TASK STATEMENT >>
Return each entry exactly, omitting nothing.
Top of THE RECORDS
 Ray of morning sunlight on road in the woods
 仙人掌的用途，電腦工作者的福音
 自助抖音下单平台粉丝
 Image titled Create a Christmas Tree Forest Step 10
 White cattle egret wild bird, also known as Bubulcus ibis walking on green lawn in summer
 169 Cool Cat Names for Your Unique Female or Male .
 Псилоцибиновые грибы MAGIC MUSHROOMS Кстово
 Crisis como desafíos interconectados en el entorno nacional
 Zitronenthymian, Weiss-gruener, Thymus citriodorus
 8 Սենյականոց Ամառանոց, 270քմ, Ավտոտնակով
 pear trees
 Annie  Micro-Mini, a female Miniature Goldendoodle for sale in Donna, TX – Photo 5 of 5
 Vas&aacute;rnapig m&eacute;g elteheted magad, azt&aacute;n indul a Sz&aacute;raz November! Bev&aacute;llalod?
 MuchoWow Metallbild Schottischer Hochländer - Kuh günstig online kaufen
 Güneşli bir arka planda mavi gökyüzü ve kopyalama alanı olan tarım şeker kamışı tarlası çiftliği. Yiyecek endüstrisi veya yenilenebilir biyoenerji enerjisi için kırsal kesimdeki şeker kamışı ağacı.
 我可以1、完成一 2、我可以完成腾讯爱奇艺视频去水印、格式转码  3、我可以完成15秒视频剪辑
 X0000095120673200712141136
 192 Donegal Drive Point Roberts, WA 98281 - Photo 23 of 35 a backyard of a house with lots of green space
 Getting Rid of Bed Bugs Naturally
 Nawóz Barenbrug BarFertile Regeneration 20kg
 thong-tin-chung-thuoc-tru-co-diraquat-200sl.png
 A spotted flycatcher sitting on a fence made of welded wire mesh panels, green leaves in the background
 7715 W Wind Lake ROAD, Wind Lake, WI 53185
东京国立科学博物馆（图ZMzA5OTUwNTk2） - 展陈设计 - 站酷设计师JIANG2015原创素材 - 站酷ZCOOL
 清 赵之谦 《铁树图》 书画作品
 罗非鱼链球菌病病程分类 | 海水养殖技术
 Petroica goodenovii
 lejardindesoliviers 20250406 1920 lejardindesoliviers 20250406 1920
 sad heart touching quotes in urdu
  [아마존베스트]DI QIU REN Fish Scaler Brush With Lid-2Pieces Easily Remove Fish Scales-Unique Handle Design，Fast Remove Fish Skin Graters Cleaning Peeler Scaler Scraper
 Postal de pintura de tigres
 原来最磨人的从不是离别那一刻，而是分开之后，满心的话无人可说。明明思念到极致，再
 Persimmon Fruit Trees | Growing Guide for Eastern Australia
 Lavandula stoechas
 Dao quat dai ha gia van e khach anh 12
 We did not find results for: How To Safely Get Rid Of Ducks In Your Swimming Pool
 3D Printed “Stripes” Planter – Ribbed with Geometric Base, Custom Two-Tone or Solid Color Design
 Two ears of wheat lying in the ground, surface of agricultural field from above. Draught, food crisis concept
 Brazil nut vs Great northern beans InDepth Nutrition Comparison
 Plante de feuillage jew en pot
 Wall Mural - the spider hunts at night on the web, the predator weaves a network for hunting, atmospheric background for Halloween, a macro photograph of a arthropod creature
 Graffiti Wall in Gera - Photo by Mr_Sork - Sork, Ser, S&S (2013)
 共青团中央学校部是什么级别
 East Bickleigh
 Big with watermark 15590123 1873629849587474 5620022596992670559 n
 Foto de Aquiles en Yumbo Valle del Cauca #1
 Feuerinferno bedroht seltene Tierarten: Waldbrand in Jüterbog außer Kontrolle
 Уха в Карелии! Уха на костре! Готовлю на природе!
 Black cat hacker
Bottom of THE RECORDS
RESULT OF THE TASK >>
 Ray of morning sunlight on road in the woods
 仙人掌的用途，電腦工作者的福音
 自助抖音下单平台粉丝
 Image titled Create a Christmas Tree Forest Step 10
 White cattle egret wild bird, also known as Bubulcus ibis walking on green lawn in summer
 169 Cool Cat Names for Your Unique Female or Male .
 Псилоцибиновые грибы MAGIC MUSHROOMS Кстово
 Crisis como desafíos interconectados en el entorno nacional
 Zitronenthymian, Weiss-gruener, Thymus citriodorus
 8 Սենյականոց Ամառանոց, 270քմ, Ավտոտնակով
 pear trees
 Annie  Micro-Mini, a female Miniature Goldendoodle for sale in Donna, TX – Photo 5 of 5
 Vas&aacute;rnapig m&eacute;g elteheted magad, azt&aacute;n indul a Sz&aacute;raz November! Bev&aacute;llalod?
 MuchoWow Metallbild Schottischer Hochländer - Kuh günstig online kaufen
 Güneşli bir arka planda mavi gökyüzü ve kopyalama alanı olan tarım şeker kamışı tarlası çiftliği. Yiyecek endüstrisi veya yenilenebilir biyoenerji enerjisi için kırsal kesimdeki şeker kamışı ağacı.
 我可以1、完成一 2、我可以完成腾讯爱奇艺视频去水印、格式转码  3、我可以完成15秒视频剪辑
 X0000095120673200712141136
 192 Donegal Drive Point Roberts, WA 98281 - Photo 23 of 35 a backyard of a house with lots of green space
 Getting Rid of Bed Bugs Naturally
 Nawóz Barenbrug BarFertile Regeneration 20kg
 thong-tin-chung-thuoc-tru-co-diraquat-200sl.png
 A spotted flycatcher sitting on a fence made of welded wire mesh panels, green leaves in the background
 7715 W Wind Lake ROAD, Wind Lake, WI 53185
东京国立科学博物馆（图ZMzA5OTUwNTk2） - 展陈设计 - 站酷设计师JIANG2015原创素材 - 站酷ZCOOL
 清 赵之谦 《铁树图》 书画作品
 罗非鱼链球菌病病程分类 | 海水养殖技术
 Petroica goodenovii
 lejardindesoliviers 20250406 1920 lejardindesoliviers 20250406 1920
 sad heart touching quotes in urdu
  [아마존베스트]DI QIU REN Fish Scaler Brush With Lid-2Pieces Easily Remove Fish Scales-Unique Handle Design，Fast Remove Fish Skin Graters Cleaning Peeler Scaler Scraper
 Postal de pintura de tigres
 原来最磨人的从不是离别那一刻，而是分开之后，满心的话无人可说。明明思念到极致，再
 Persimmon Fruit Trees | Growing Guide for Eastern Australia
 Lavandula stoechas
 Dao quat dai ha gia van e khach anh 12
 We did not find results for: How To Safely Get Rid Of Ducks In Your Swimming Pool
 3D Printed “Stripes” Planter – Ribbed with Geometric Base, Custom Two-Tone or Solid Color Design
 Two ears of wheat lying in the ground, surface of agricultural field from above. Draught, food crisis concept
 Brazil nut vs Great northern beans InDepth Nutrition Comparison
 Plante de feuillage jew en pot
 Wall Mural - the spider hunts at night on the web, the predator weaves a network for hunting, atmospheric background for Halloween, a macro photograph of a arthropod creature
 Graffiti Wall in Gera - Photo by Mr_Sork - Sork, Ser, S&S (2013)
 共青团中央学校部是什么级别
 East Bickleigh
 Big with watermark 15590123 1873629849587474 5620022596992670559 n
 Foto de Aquiles en Yumbo Valle del Cauca #1
 Feuerinferno bedroht seltene Tierarten: Waldbrand in Jüterbog außer Kontrolle
 Уха в Карелии! Уха на костре! Готовлю на природе!
 Black cat hacker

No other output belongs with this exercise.